What happens when a cat eats a parrot? Obviously, it gains the ability to speak.
But what happens when it’s “The Rabbi’s Cat?” Clearly, you get an argumentative feline who takes on all comers, including his master. To add insult to injury, given the current troubles between Israel and Iran, it appears to be a Persian.
The film, in French with English subtitles, is based on a popular series of graphic novels by Joann Sfar, who also co-directed the movie. It is set in Algiers in the 1930s, at that time a bustling metropolis with large European, Jewish and Arab populations.

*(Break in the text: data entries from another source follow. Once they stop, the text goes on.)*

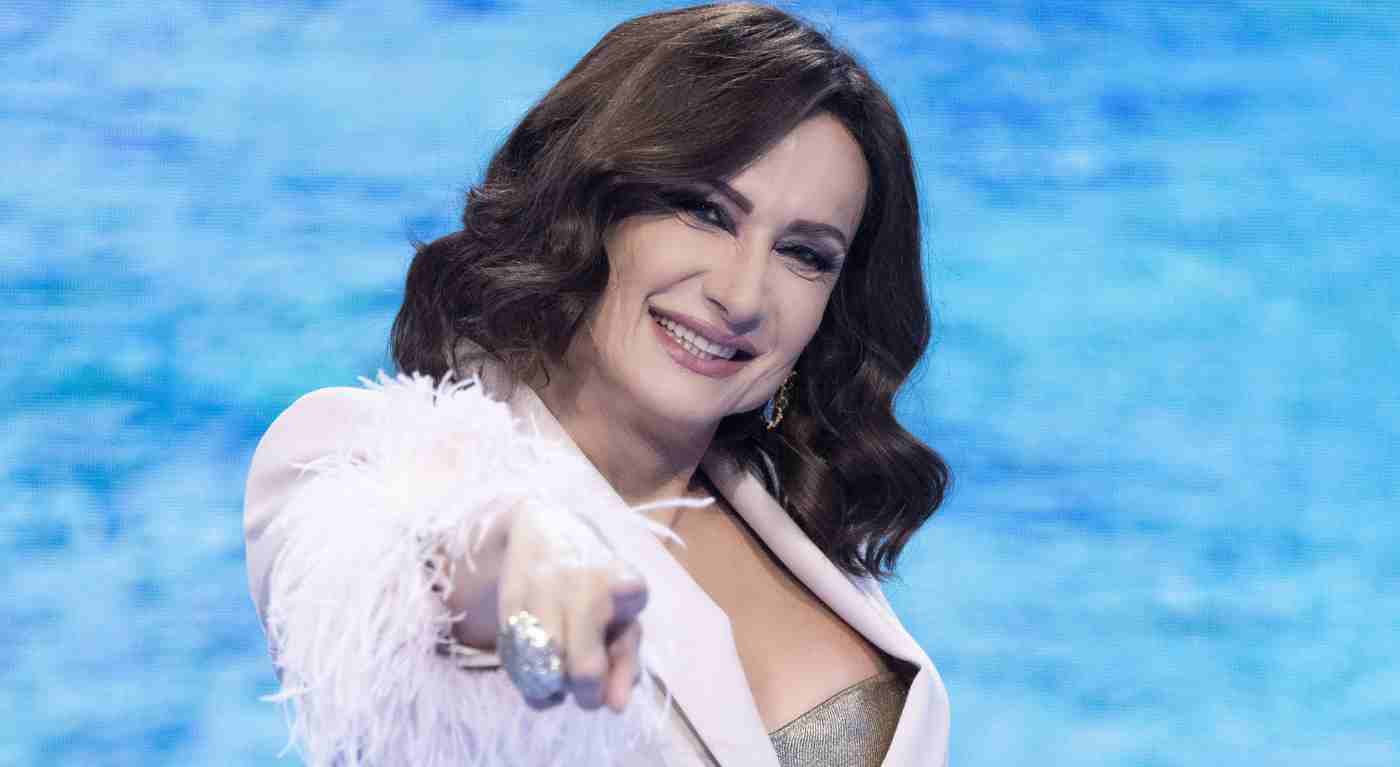 L'Isola dei Famosi, che colpo di scena: Vladimir Luxuria vuole la famosissima del GF. Cosa bolle in pentola?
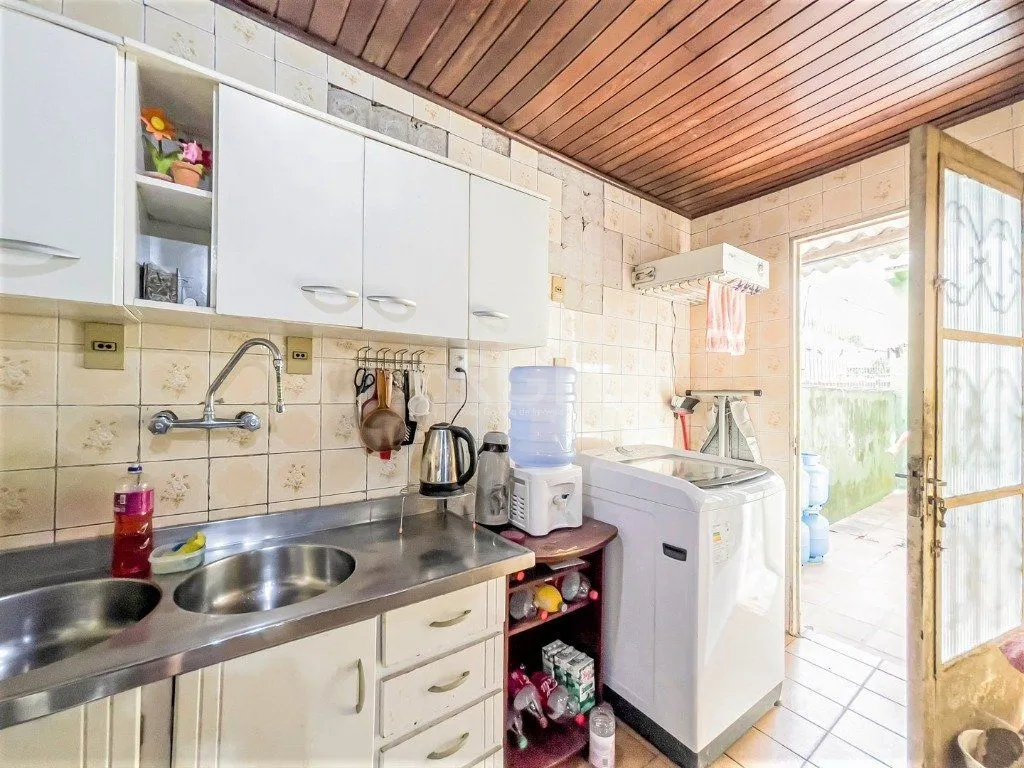 Imagem Casa para Venda - 212m², 3 dormitórios, 3 vagas - Azenha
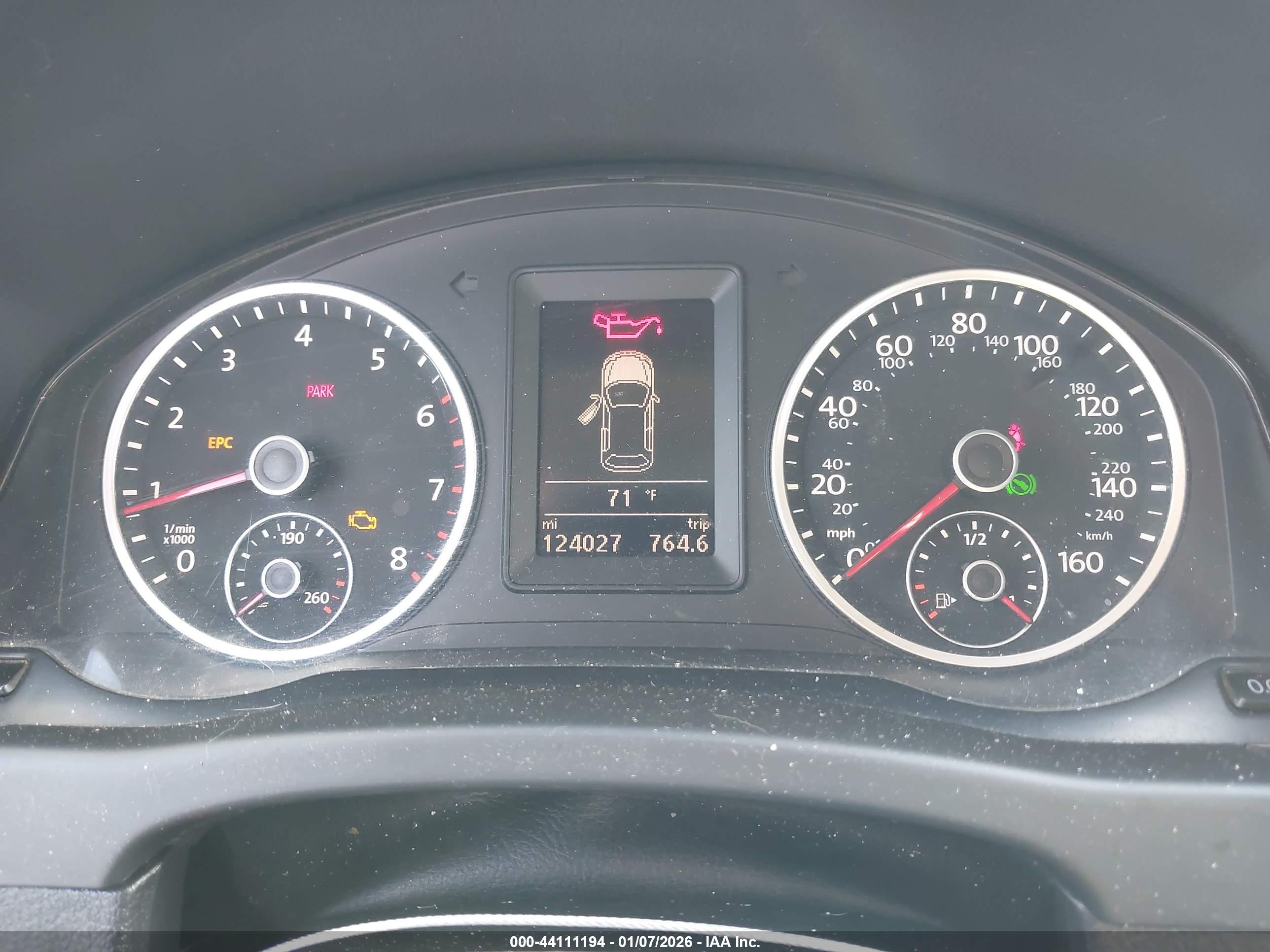 VOLKSWAGEN TIGUAN image 7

The rabbi of the title, named Sfar, has a lot going on in his life. A widower with a teenage daughter, he needs to pass a government-mandated French language test or lose his title. He can’t stop at many local cafes, because they don’t serve Arabs or Jews. A cousin with a pet lion visits. Another cousin, Sheik Sfar, is a wise imam. A large box from the Soviet Union arrives containing a Jew escaping pogroms. And then there is the adventure they — the Russian, the Sheik, the rabbi and his cat — embark on, in search of a mythical city of Jerusalem and the lost tribe of black Jews from Ethiopia.
There’s an awful lot on the plate here — too much. That’s the film’s problem. There are several volumes in the “Rabbi’s Cat” series, and Sfar decided to combine them for the film. He felt that would reinforce his message of tolerance. But it actually diluted it.
For example, Malka, the cousin with the lion, is at the center of his own book, but is only a peripheral character here, disturbing the flow of the film.
Sfar would have been better off spending more time on the main idea — the rabbi and his cat. After eating the parrot, the cat decides it is Jewish and wants a bar mitzvah. The idea is ludicrously funny, except the cat is not only maddening but also wise.
When the rabbi talks to him about the Torah and how God created the world just over 5,700 years ago, it is the feline who points out, “that’s ridiculous. Carbon dating has proved he world is billions of years old.”
It is this interplay between the cat and the rabbi that adds zest. A scene in which a racist describes the way to draw Africans is noble, but unnecessary.
We get the message when the rabbi is kicked out of a cafe that doesn’t serve Arabs or Jews. We get the message when the imam explains his God “loves science and the arts. He’s never happier than when his children are at peace.”
We may or may not believe it, but we get the message.
“The Rabbi’s Cat” opens in New York December 7, in Los Angeles next month, and in other cities to follow.